# Free Money, well, CRC voucher



## Cubist (17 Dec 2012)

Chain reaction have various offers at the moment, with £5 off £50 spend, £15 off £100 etc, but they also sent me a voucher I'm not going to use, so if anyone wants a £10 off a £75 minimum spend in the next 12 days, shout up and I'll PM you the voucher code.


----------



## e-rider (19 Feb 2013)

Cubist said:


> Chain reaction have various offers at the moment, with £5 off £50 spend, £15 off £100 etc, but they also sent me a voucher I'm not going to use, so if anyone wants a £10 off a £75 minimum spend in the next 12 days, shout up and I'll PM you the voucher code.

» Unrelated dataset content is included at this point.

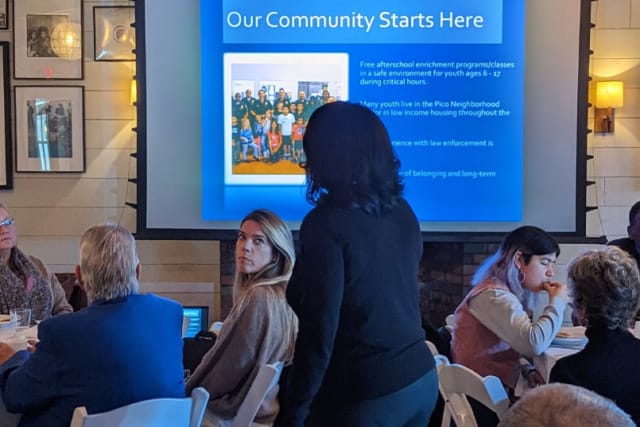 Presentation on community programs with diverse attendees seated, featuring a slide on youth enrichment and law enforcement collaboration.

I have it, maybe it'll still work?


----------



## Cubist (19 Feb 2013)

e-rider said:


> I have it, maybe it'll still work?


If not, try this one
3NYCVIXQ


----------



## e-rider (20 Feb 2013)

Cubist said:


> If not, try this one
> 3NYCVIXQ


thanks very much - it worked


----------



## e-rider (9 Mar 2013)

Cubist said:


> Chain reaction have various offers at the moment, with £5 off £50 spend, £15 off £100 etc, but they also sent me a voucher I'm not going to use, so if anyone wants a £10 off a £75 minimum spend in the next 12 days, shout up and I'll PM you the voucher code.


hi, if you have anymore of these you could PM me - cheers!


----------



## Cubist (9 Mar 2013)

e-rider said:


> hi, if you have anymore of these you could PM me - cheers!


You see them posted up on Singletrackworld regularly. Otherwise, Evans and Halfords have big discounts this weekend.


----------